Sábado, 20 Abril 2024

Deserto verde avança com meias verdades e múltiplas pequenas intervenções

Deserto verde avança com meias verdades e múltiplas pequenas intervenções
Se no início da década de 1970 a Aracruz Celulose (hoje Fibria) derrubou milhares de hectares de Mata Atlântica primária com seus correntões, hoje, meio século depois, a empresa mantém uma estratégia já estabelecida há alguns anos, de conseguir licenciamentos ambientais para pequenas áreas em seu nome ou em terras arrendadas de pequenos e médios proprietários rurais.



Um exemplo está no comunicado divulgado pela Aracruz Celulose nessa segunda-feira (8), dando conta de que o Instituto de Defesa Agropecuária e Florestal (Idaf) concedeu a Licença Prévia (LP) nº 281/2017 para a atividade de Silvicultura com plantio de 115 hectares de eucalipto na Fazenda Bonita II, no município de Pinheiros, norte do estado. Foi o primeiro comunicado do tipo este ano, que deve ser seguido por muitos outros, sobre áreas semelhantes ou um pouco maiores.



Aloisio Souza da Silva, da coordenação estadual do Movimento dos Pequenos Agricultores (MPA) em Pinheiros, conta que as empresas do setor sucroalcooleiro não fazem investimento em áreas pequenas e isoladas, em função da logística de plantio e colheita, que envolve despesas altas com deslocamento de máquinas e pessoal, e manutenção de equipamentos. Sobre licenças para áreas pequenas, como essa primeira, estão próximas de áreas já plantadas ou mapeadas para serem plantas futuramente, seja na mesma propriedade ou em fazendas vizinhas.

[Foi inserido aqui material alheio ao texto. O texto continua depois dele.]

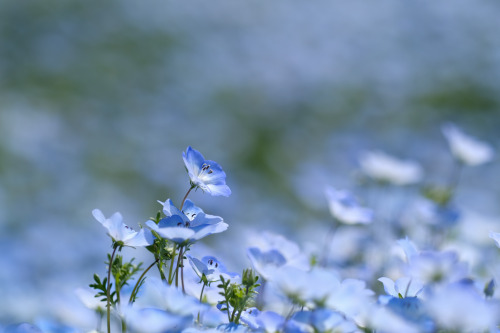 bluenote7: Nemophila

E assim, de pequenas em pequenas intervenções, tanto a Aracruz quanto a também papeleira Suzano, instalada alguns anos depois na região, continuam ampliando o deserto verde, mantendo o discurso mentiroso de que seus eucaliptais são floretas e que são benéficos para o solo. “Por que então, em Conceição da Barra, há tantos córregos que não correm mais onde tem plantações de eucalipto?”, questiona o líder camponês.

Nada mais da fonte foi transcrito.